What is the first thing that gorillas learn at kindergarten?
Apey Cee's?
Q. Why doesn't a big gorilla have to flush the toilet?
A. He scares the sh*t out of it!
Q. What do you call an entertaining gorilla eating a banana?
A. Ape peeling.
What do you call a gorilla with a machine gun ?
Whatever it wants to be called.
Q. What is a gorilla's favorite holiday?
A. Ape-ril Fools Day!
Did you hear about the 2 apes that kept fighting with each other?
It was gorilla warfare.
Q. What haapens if a gorilla sits on your piano?
A. You get a flat note.
Why did the Gorilla fail its exam? He didn't have the ape-titude.
Why did the advertising tycoons hire a bunch of apes?
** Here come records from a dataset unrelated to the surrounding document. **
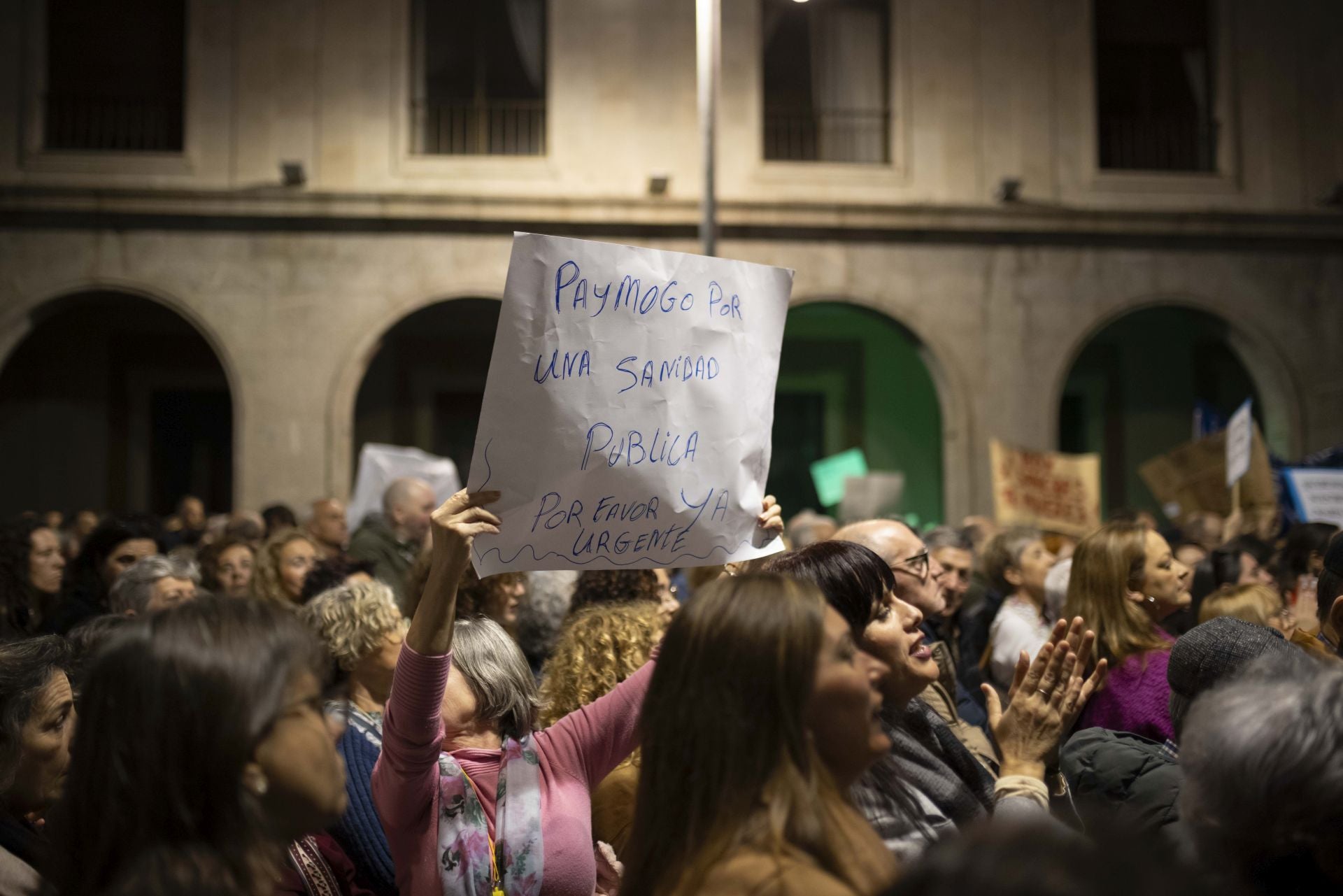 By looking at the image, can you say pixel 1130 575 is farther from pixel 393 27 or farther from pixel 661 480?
pixel 393 27

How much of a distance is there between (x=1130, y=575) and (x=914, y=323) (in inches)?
419

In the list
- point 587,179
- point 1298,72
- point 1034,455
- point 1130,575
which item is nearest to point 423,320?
point 587,179

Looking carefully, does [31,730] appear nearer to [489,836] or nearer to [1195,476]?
[489,836]

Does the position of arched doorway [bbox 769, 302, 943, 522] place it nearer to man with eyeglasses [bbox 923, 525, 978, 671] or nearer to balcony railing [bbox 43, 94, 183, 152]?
balcony railing [bbox 43, 94, 183, 152]

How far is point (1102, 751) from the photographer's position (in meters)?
2.85

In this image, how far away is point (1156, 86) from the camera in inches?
608

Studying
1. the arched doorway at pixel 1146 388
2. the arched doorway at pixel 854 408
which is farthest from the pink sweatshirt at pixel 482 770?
the arched doorway at pixel 1146 388

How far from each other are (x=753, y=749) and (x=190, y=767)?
785mm

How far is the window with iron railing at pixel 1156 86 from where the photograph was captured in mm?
15086

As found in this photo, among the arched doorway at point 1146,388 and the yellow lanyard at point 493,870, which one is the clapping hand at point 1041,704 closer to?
the yellow lanyard at point 493,870

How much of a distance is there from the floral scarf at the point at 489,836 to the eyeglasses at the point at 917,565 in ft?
4.44

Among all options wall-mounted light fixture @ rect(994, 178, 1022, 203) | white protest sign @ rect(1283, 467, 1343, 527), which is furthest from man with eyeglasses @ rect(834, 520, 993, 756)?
wall-mounted light fixture @ rect(994, 178, 1022, 203)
They were running a gorilla marketing campaign.
How do gorillas get down the stairs? They slide down the banana-ster!
Why did the gorilla have to visit the vet?
He wasn't peeling well
Why did the gorilla cross the road? He had to take care of some monkey business.
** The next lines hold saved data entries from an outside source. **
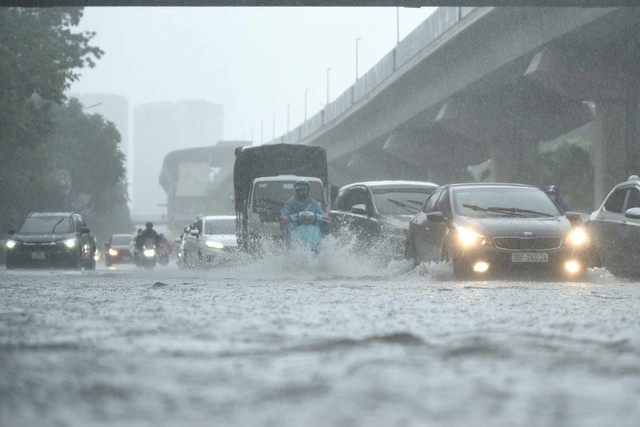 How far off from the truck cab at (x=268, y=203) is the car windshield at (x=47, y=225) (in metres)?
7.70

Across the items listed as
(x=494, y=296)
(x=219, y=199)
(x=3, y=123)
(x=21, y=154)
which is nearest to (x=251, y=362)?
(x=494, y=296)

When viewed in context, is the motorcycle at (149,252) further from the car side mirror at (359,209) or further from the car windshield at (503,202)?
the car windshield at (503,202)

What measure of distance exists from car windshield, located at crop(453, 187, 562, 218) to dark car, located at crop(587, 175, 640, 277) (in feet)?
2.76

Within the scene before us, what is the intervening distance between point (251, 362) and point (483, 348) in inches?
51.7

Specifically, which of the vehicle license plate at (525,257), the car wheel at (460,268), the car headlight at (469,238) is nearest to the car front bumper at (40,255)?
the car wheel at (460,268)

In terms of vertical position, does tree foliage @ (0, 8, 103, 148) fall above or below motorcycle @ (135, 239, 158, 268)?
above

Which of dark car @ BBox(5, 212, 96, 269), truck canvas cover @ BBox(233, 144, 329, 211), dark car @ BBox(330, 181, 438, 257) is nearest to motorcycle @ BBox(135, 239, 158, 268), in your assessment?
dark car @ BBox(5, 212, 96, 269)

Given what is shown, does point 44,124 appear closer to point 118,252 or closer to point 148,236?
point 148,236

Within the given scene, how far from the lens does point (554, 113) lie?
4153cm

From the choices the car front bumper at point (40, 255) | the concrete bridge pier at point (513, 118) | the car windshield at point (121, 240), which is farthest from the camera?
the car windshield at point (121, 240)

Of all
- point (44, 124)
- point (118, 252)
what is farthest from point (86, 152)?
point (44, 124)

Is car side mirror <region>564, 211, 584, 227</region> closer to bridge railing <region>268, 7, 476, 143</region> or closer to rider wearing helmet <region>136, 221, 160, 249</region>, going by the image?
Result: bridge railing <region>268, 7, 476, 143</region>

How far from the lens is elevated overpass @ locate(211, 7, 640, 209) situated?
31.3 m

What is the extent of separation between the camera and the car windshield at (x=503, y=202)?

What do gorillas and orangutans wear in the kitchen?
Ape-rons.
What did the banana do when it saw a gorilla? The banana split.
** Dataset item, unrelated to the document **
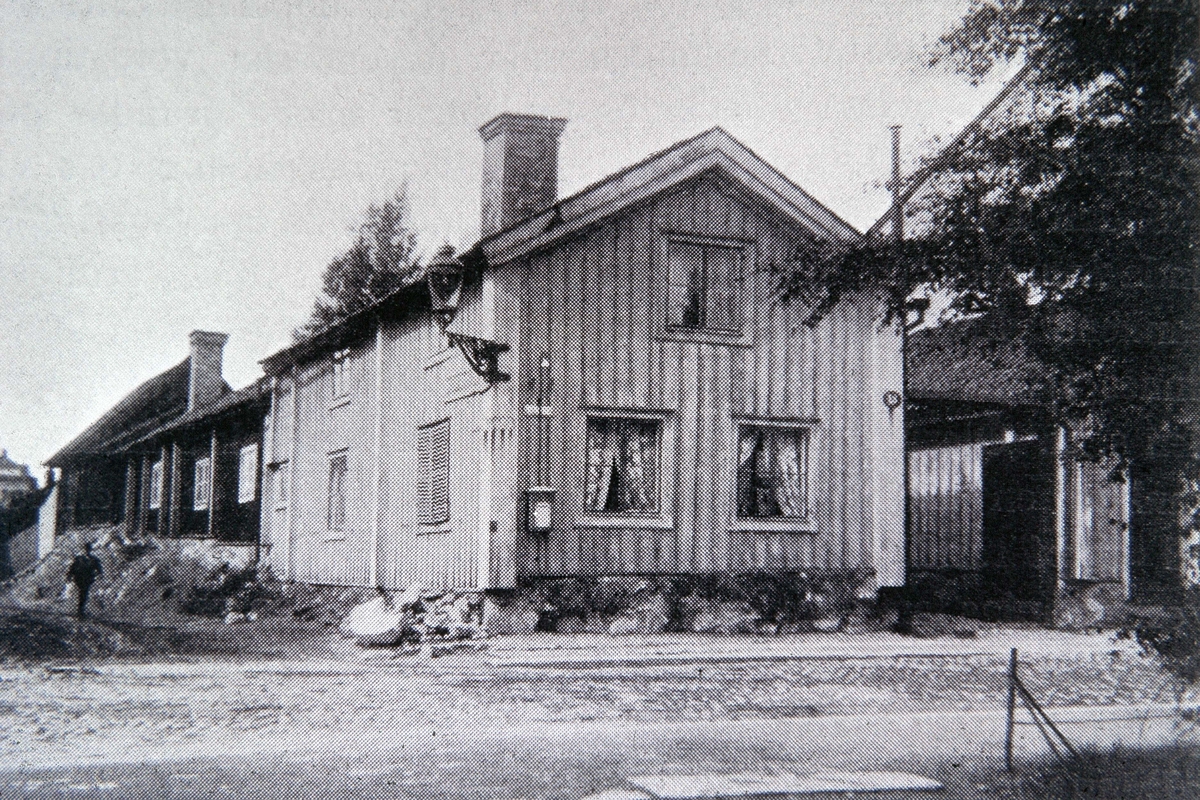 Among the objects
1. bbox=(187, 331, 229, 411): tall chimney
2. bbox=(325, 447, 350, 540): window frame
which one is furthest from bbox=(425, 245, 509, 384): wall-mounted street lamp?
bbox=(187, 331, 229, 411): tall chimney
Q. Where do gorillas get their gossip?
A. From the grapevine.
Q. Why did the gorilla cross the road?
A. To get to the monkey biz on the other side.
What did the Gorilla say to his friend when he called him back on the phone?
You-Rang-a-Tang?
What noise does a gorilla’s doorbell make?
King Kong
What’s a gorilla’s favourite pop group? A: Bananarama!
What's the best time of year to see gorillas in the wild? Ape-ril.
Q. What did the Aussie zookeeper say to the gorilla who was spying on him?
A. There's no need to pry, mate.
Q. Which kind of ape enjoys smoking tobaco?
A. Cigarilla.
Q. Which country was founded by wild gorillas?
A. The Banana Republic.
Why wasn't King Kong able to climb to the top of the Empire State Building?
He couldn't quite fit in the elevator.
What did the gorilla say after spending one month at te gym?
Geez, gain a little muscle mass, and everybody acuses you of steroids. As if eating too many bananas wasn't dopey enough!
Why do gorillas have really big fingers?
Because they have really big nostrils!
Q. Where did the gorilla like to go sailing?
A. The Chimpan-Sea
What do you call a white skinned gorilla?
Honkey Kong.
Q. What do you call a gorilla who studies large primates and has great grades?
A. Ape lust student.
Why don't gorillas vote?
They're ape-political.
What did the gorilla wear when he was cooking in the kitchen?
An ape-ron
Where do apes like to cook their sausages?
On the gorilla.
What food did the Gorilla order when he went to France?
Ape Suzettes.
Where do gorillas keep their beehives?
Apeiaries.
What did the Gorilla say when he saw there was a sale happening?
Ooh! OOh! OOOh!!!!
What is a gorillas favourite ice cream flavour.
Chocolate chimp.
What is most gorillas' favorite book to study in English class at high school?
The Apes Of Wrath.
What do you get if you cross a talking parrot with a gorilla?
I am not sure but if he says something you better damn well listen.
Q. What happens when a gorilla has a melt down?
A. He goes absolutely bananas!
Q. How many gorillas does it take to screw in a light bulb?
A. Two, but it has to be a really BIG light bulb.
What do you call a gorilla wearing headphones?
Anything you'd like, it can't hear you.